What Happens to Engineering as Agents Get Better

Karpathy's framework also touches on some bigger questions worth sitting with. What happens to the skill gap between developers when agents become ubiquitous? Do generalists start outcompeting specialists because they can coordinate AI across multiple domains simultaneously? What does engineering mastery actually look like when the bottleneck shifts from implementation to judgement?

These are not hypothetical. If AI coding agents continue to improve, software development shifts away from writing every implementation detail and toward orchestrating agents, defining specifications, evaluating outputs, and composing systems. That changes what it means to be effective in the role.

There is also the risk that cheap code generation floods the ecosystem with low-quality software. When generation is easy, judgement becomes more valuable, not less. The developers who thrive will be the ones with taste: knowing what good looks like, catching what the agent missed, and maintaining standards even when cutting corners is trivially easy.

What to Put in a CLAUDE.md

A practical file should encode your team's engineering values clearly. How should the agent plan? When should it ask for clarification? How small should edits be? What does the testing requirement look like?

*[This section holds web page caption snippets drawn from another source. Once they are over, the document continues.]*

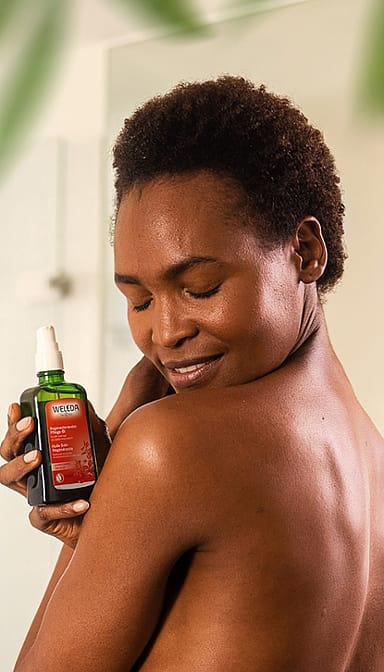 African American woman with her eyes closed holding a bottle of Regenerating Body Oil.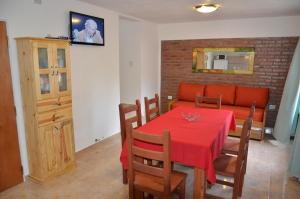 a dining room with a red table and a couch at C&W Vacaciones Diferentes in Villa Carlos Paz
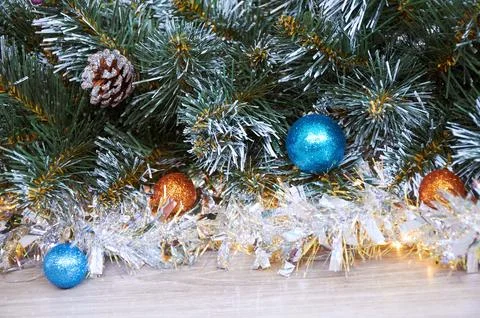 Christmas background with Christmas tree branches, blue and yellow layers a.. Photos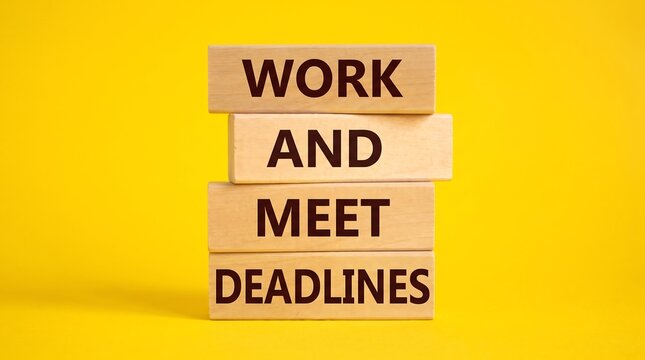 Work and meet deadlines text on wooden blocks. Business productivity concept on yellow background. Time management and professional goals.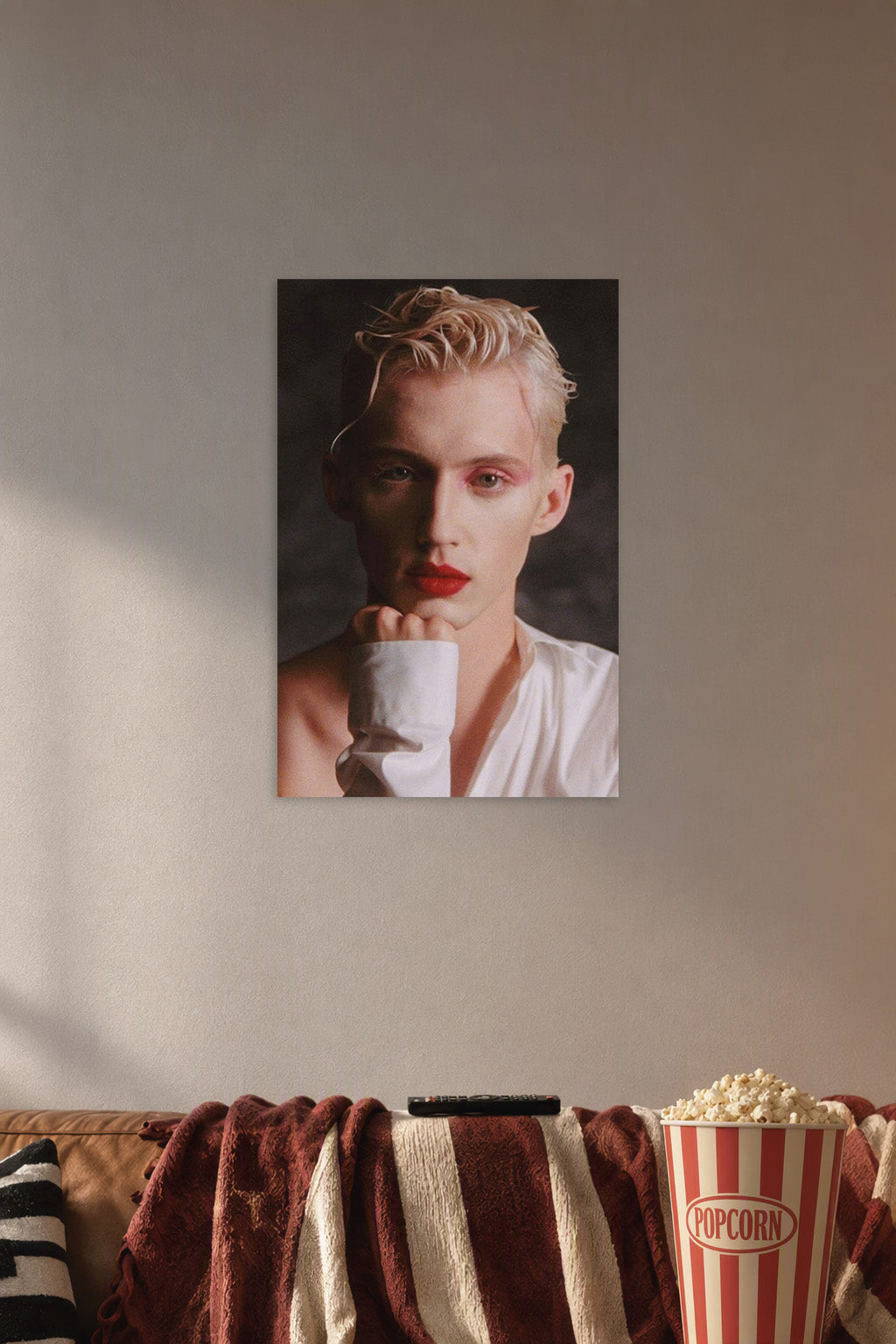 Troye Sivan in a cozy movie room above a brown sofa with popcorn.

What should it never do without explicit instruction?

Something like: plan before major changes, prefer simple solutions, keep edits focused, run tests, do not touch unrelated code, do not introduce speculative abstractions, do not hide errors with weak fixes, ask when requirements are unclear.

That is not a revolutionary document. It is a disciplined one. And in the context of an increasingly autonomous coding agent, a disciplined document is worth quite a lot.

The future of software development is not agents running free. It is agents running well, inside boundaries that a thoughtful engineer took the time to define.